Dataset excerpts:
········
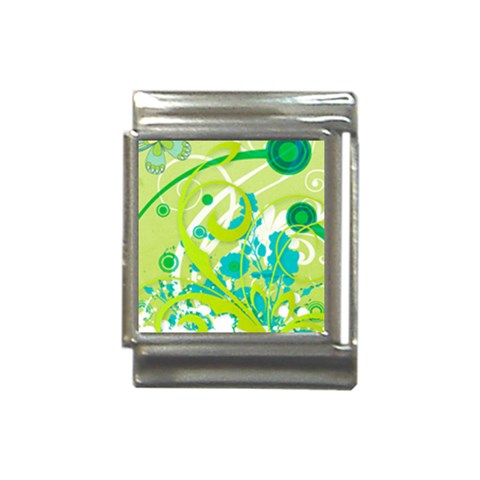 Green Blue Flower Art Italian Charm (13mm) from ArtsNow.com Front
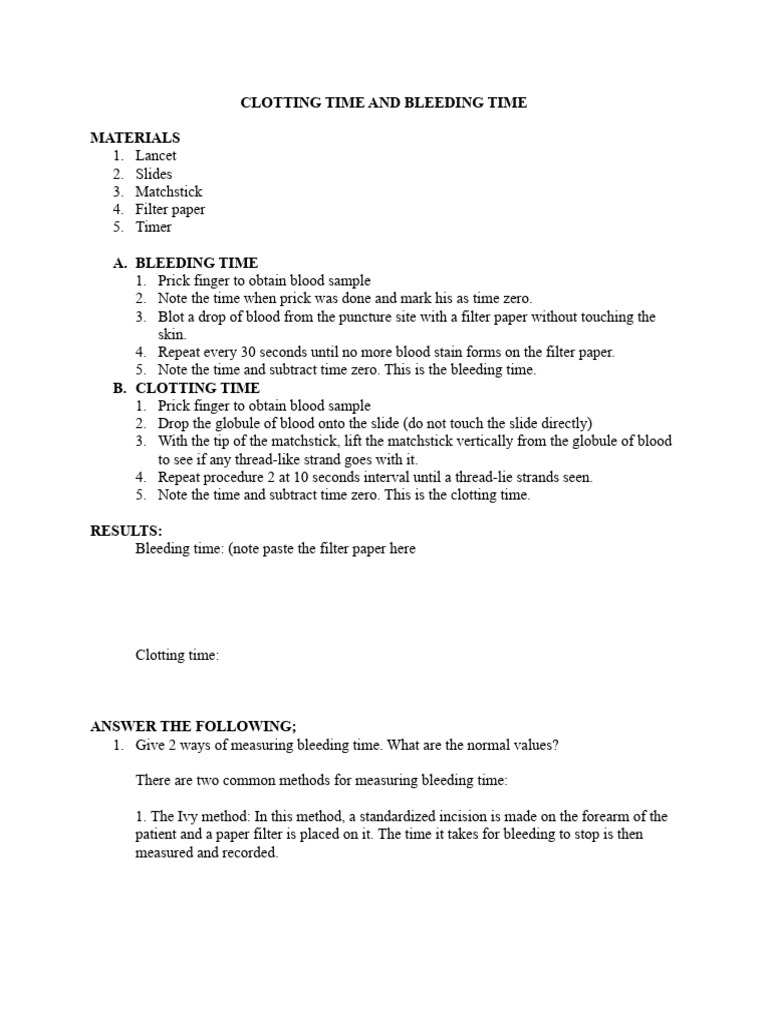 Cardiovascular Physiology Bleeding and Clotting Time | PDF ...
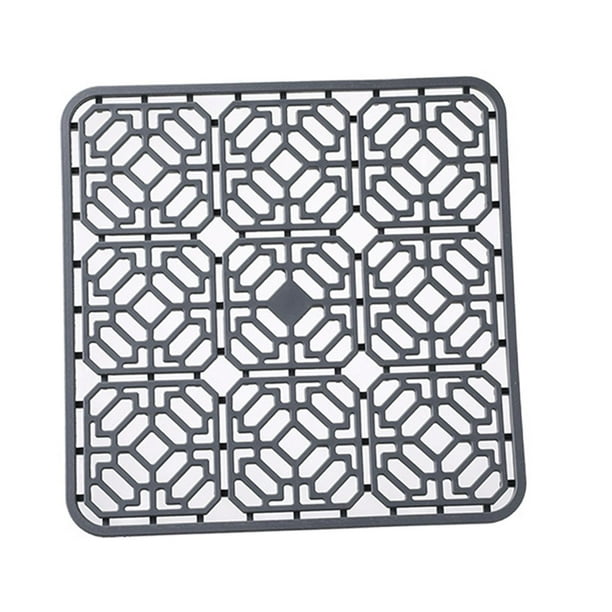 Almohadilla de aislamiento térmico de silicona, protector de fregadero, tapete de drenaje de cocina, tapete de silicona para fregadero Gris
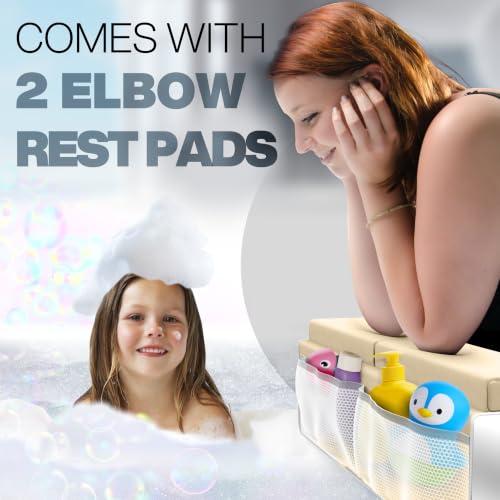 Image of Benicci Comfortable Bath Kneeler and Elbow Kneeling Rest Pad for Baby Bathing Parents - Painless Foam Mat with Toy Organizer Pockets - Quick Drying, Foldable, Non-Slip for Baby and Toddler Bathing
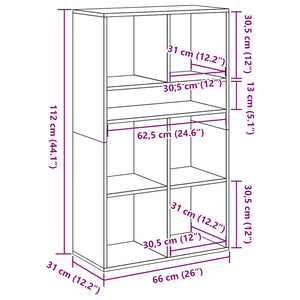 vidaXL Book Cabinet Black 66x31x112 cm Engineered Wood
········
TRY IT – Leaving the images behind, set down every entry word for word.

ANSWER TO THE EXERCISE –
 Green Blue Flower Art Italian Charm (13mm) from ArtsNow.com Front
 Cardiovascular Physiology Bleeding and Clotting Time | PDF ...
 Almohadilla de aislamiento térmico de silicona, protector de fregadero, tapete de drenaje de cocina, tapete de silicona para fregadero Gris
 Image of Benicci Comfortable Bath Kneeler and Elbow Kneeling Rest Pad for Baby Bathing Parents - Painless Foam Mat with Toy Organizer Pockets - Quick Drying, Foldable, Non-Slip for Baby and Toddler Bathing
 vidaXL Book Cabinet Black 66x31x112 cm Engineered Wood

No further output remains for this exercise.